Hello,
I have dataset which has 14 variables relating ethnic group: eth1 eth2 eth3...eth14.
The values are probabilities between 0-1 and an individual observation in the dataset can have a value in more than one ethnicity , for example, 0.5 for eth1, 0.25 for eth10 and 0.25 for eth14, and all the other ethnic groups would be 0. This is an oversimplication - but gives an idea of how the data is arranged.,
Now for some observations, around 60%, I know the actual ethnicity, not the modelled probability, and I want to overwrite the model probabilities with a 1 where I know the ethnicity, and then set all the other ethnicities to 0. So in the above example, eth1 would be 1 and eth10 and eth14 and all the other ethnic groups would be 0. The individual, actual ethnicities are contained in a variable called Ethnic_Group.

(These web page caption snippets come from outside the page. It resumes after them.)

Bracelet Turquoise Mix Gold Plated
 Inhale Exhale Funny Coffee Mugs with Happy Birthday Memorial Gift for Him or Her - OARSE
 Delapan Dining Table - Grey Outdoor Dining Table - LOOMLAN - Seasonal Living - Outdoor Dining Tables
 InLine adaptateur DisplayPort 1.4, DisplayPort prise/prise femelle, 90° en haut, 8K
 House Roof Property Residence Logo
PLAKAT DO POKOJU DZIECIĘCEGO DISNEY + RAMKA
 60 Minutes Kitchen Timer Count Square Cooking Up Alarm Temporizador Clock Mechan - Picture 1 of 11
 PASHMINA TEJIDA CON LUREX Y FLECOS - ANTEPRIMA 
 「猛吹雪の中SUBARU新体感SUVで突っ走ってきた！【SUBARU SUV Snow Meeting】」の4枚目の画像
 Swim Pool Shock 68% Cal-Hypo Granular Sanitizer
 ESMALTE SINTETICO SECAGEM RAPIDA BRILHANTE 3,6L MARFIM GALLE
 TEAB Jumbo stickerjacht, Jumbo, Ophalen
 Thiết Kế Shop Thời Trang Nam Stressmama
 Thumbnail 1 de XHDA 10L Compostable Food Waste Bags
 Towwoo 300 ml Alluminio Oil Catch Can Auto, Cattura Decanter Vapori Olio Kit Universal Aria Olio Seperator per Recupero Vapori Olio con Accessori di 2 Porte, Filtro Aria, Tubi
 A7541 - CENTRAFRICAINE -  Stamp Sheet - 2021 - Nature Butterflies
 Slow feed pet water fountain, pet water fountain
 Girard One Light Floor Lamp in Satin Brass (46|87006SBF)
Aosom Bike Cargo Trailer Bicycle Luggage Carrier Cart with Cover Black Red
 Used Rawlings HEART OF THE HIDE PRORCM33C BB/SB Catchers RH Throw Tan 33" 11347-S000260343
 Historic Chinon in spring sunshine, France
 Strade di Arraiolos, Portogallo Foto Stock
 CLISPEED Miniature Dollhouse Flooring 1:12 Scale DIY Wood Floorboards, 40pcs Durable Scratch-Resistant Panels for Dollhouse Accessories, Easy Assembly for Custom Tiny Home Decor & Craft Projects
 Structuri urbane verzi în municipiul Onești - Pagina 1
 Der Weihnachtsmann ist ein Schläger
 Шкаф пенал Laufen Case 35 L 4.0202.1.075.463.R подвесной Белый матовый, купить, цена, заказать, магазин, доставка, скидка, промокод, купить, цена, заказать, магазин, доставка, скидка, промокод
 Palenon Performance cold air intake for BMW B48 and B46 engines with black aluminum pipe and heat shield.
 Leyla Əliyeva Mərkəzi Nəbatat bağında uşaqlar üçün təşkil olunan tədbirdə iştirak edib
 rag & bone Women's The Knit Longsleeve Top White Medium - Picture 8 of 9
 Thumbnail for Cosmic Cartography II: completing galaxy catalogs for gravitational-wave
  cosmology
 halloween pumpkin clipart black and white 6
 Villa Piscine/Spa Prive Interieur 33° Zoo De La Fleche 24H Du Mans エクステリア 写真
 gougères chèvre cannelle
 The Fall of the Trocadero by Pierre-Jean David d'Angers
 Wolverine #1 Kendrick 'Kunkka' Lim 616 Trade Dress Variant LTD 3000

Having created a copy of the 14 eth variables I have overwritten them as follows:
replace eth1= 1 if Ethnic_Group=="A"
replace eth1 = 1 if Ethnic_Group=="a"
having done this for each eth, from eth1 to eth14, I now want to write some code so as to set all the other eth variables to 0 if one of them is 1:
for each var of varlist eth* {
replace `var' = 0 if `var' <1
}
BUT, only doing the above, if one of the variables is indeed 1, if none of the eth variables are 1, then make no changes to them.
I am not sure how to amend my code to take into account, that I don't want to replace the values with 0, if none of the eth variables are 1.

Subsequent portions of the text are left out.